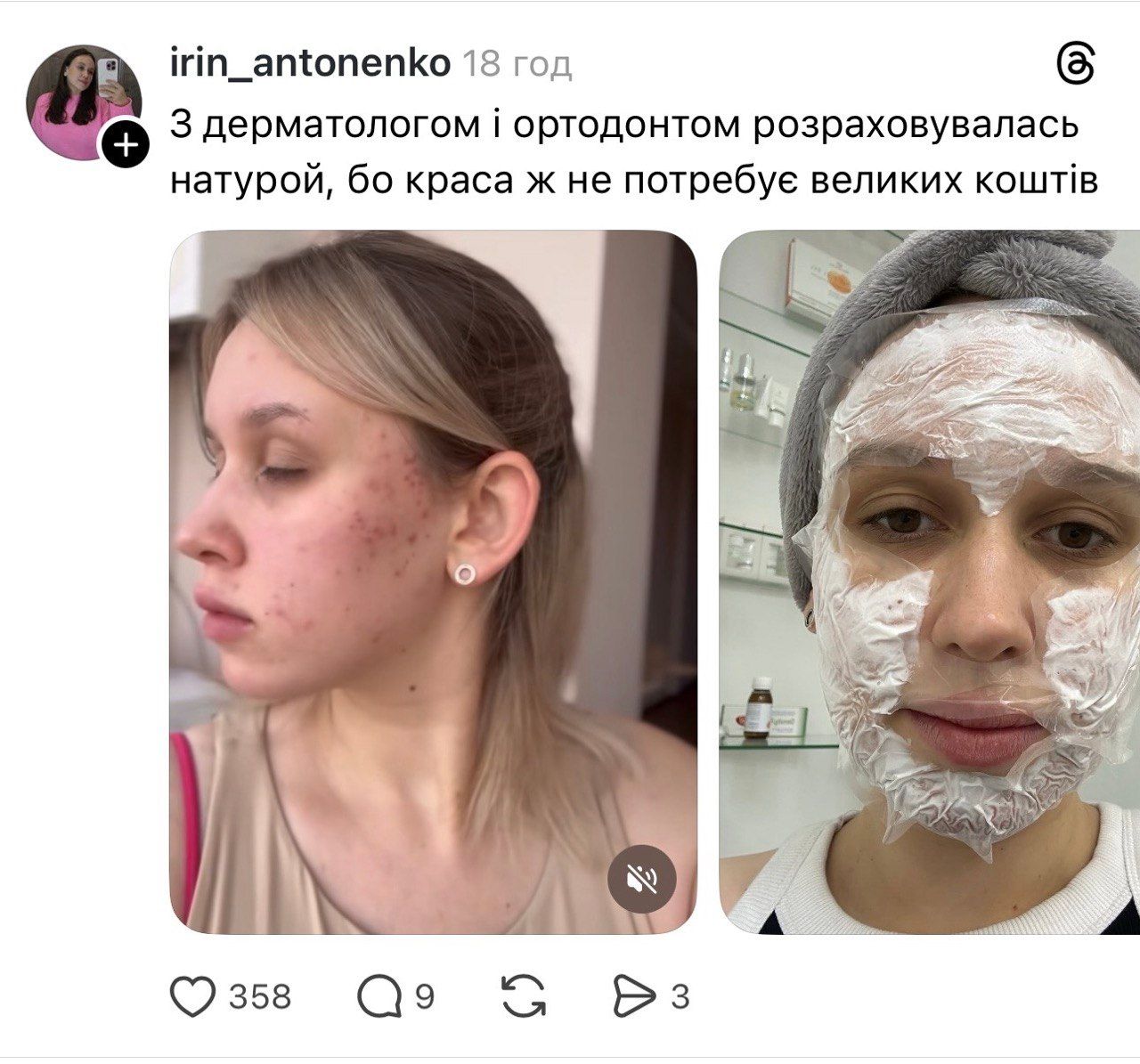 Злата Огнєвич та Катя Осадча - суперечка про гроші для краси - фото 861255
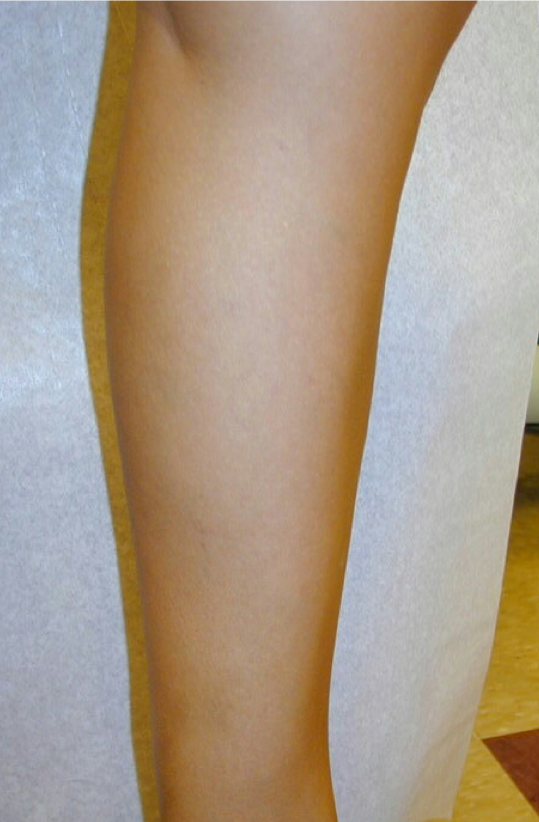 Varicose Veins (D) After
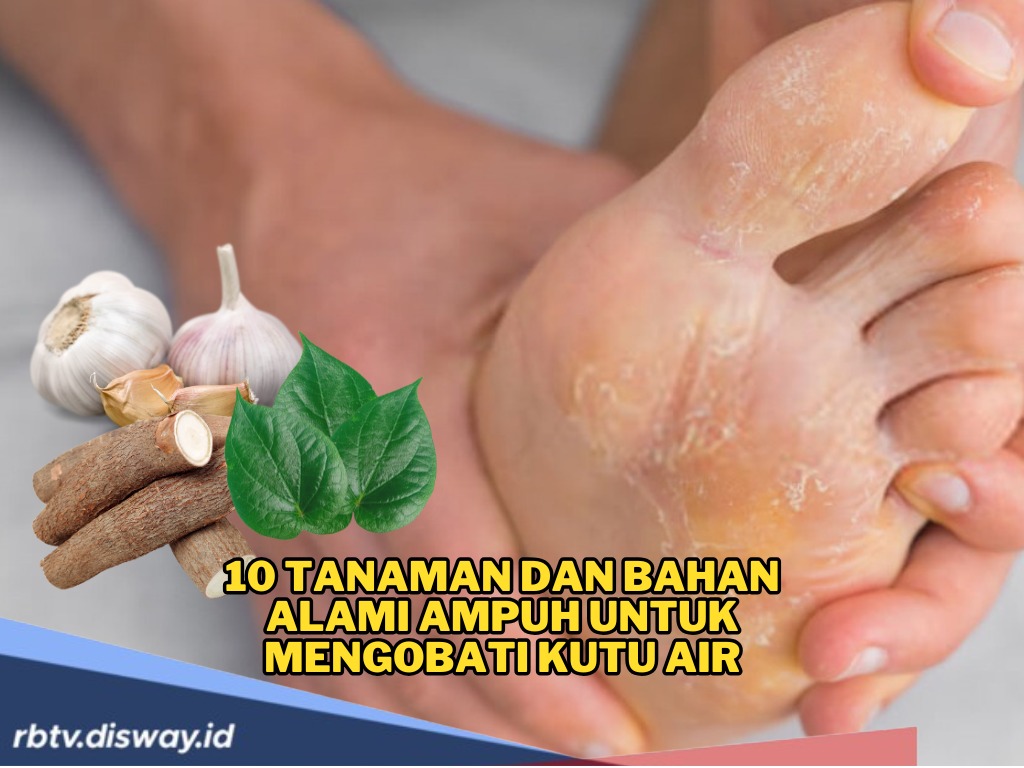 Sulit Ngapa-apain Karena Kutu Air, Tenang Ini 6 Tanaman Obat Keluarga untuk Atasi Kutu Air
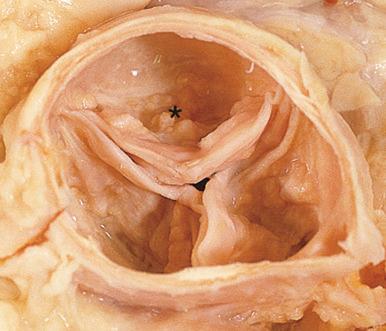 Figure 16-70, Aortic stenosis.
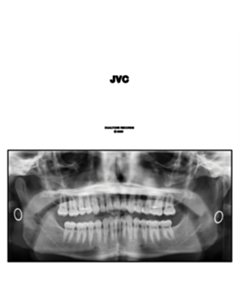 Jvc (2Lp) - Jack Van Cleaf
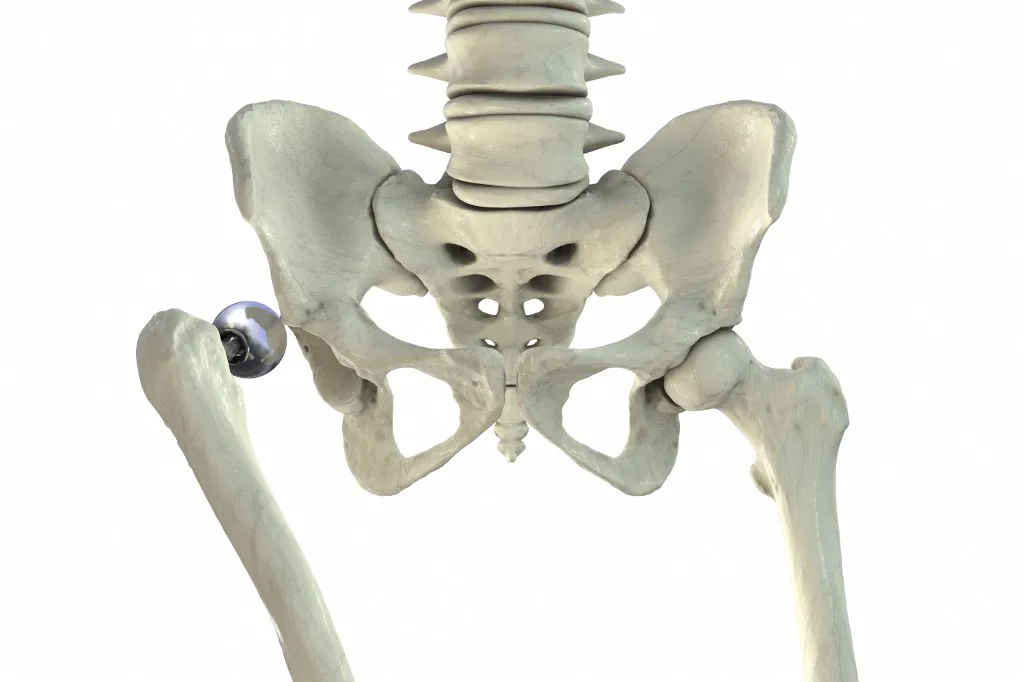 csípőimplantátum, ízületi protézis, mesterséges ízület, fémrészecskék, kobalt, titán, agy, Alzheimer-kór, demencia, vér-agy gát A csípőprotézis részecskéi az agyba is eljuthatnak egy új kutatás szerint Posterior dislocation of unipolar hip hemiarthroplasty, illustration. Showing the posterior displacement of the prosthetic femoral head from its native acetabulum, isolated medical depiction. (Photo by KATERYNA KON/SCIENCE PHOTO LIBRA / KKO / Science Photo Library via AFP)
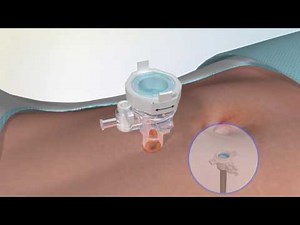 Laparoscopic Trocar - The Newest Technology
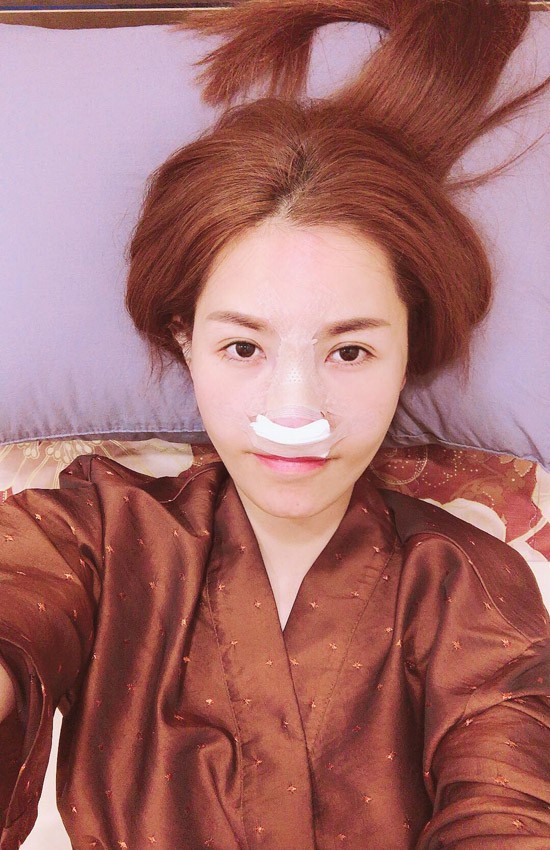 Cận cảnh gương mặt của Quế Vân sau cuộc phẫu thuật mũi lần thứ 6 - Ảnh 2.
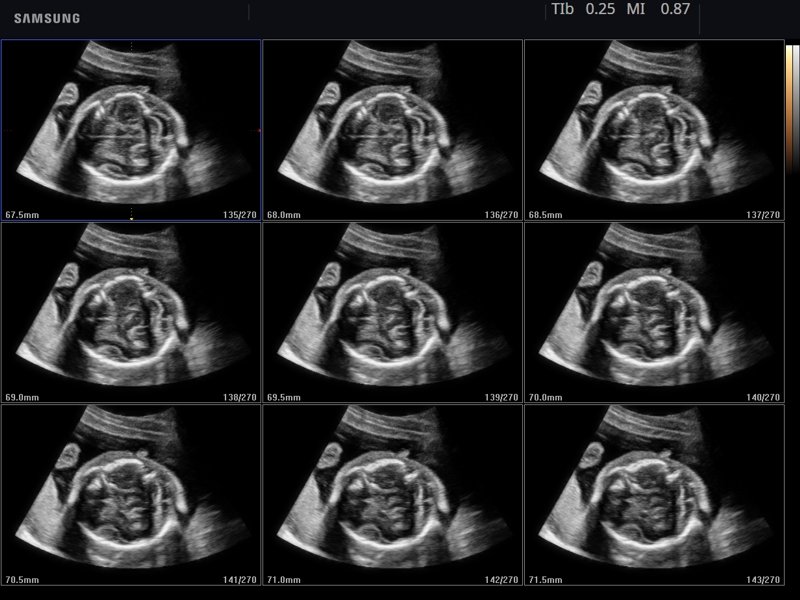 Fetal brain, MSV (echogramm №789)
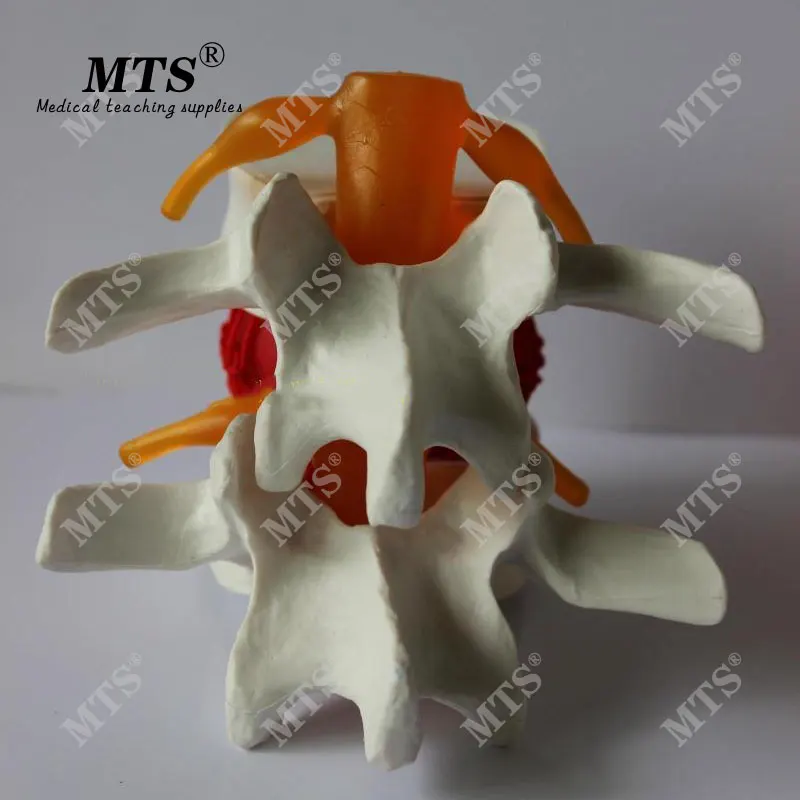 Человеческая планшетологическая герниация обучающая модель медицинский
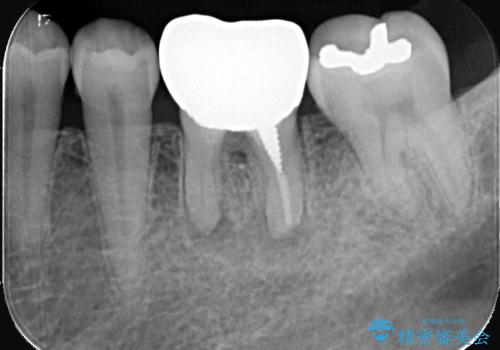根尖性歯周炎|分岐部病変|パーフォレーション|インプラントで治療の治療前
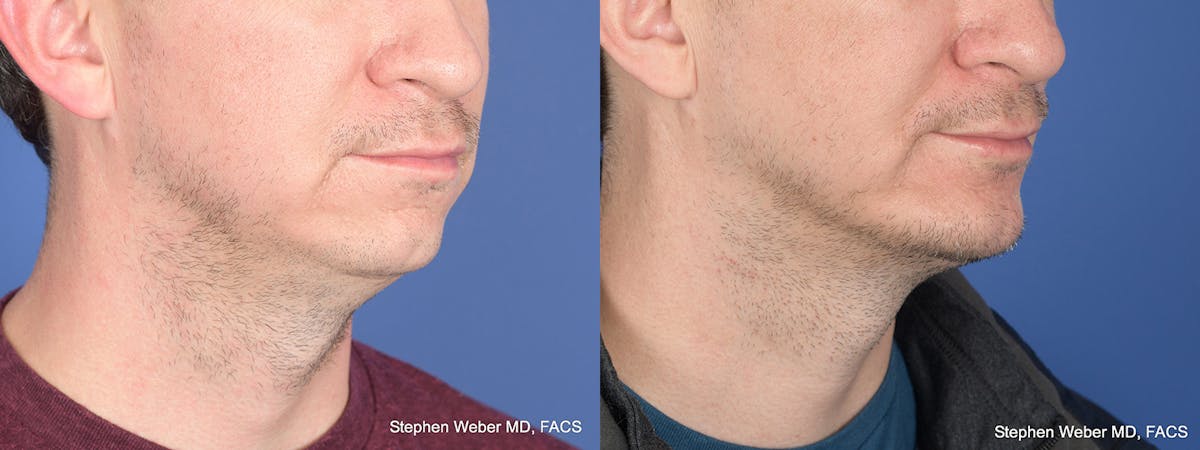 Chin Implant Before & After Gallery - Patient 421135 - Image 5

**Activity**.
Copy exactly the lines that run from the one containing "Человеческая планшетологическая герниация" to the last line of the records, both included, and leave out every picture.

**Your response**.
 Человеческая планшетологическая герниация обучающая модель медицинский
根尖性歯周炎|分岐部病変|パーフォレーション|インプラントで治療の治療前
 Chin Implant Before & After Gallery - Patient 421135 - Image 5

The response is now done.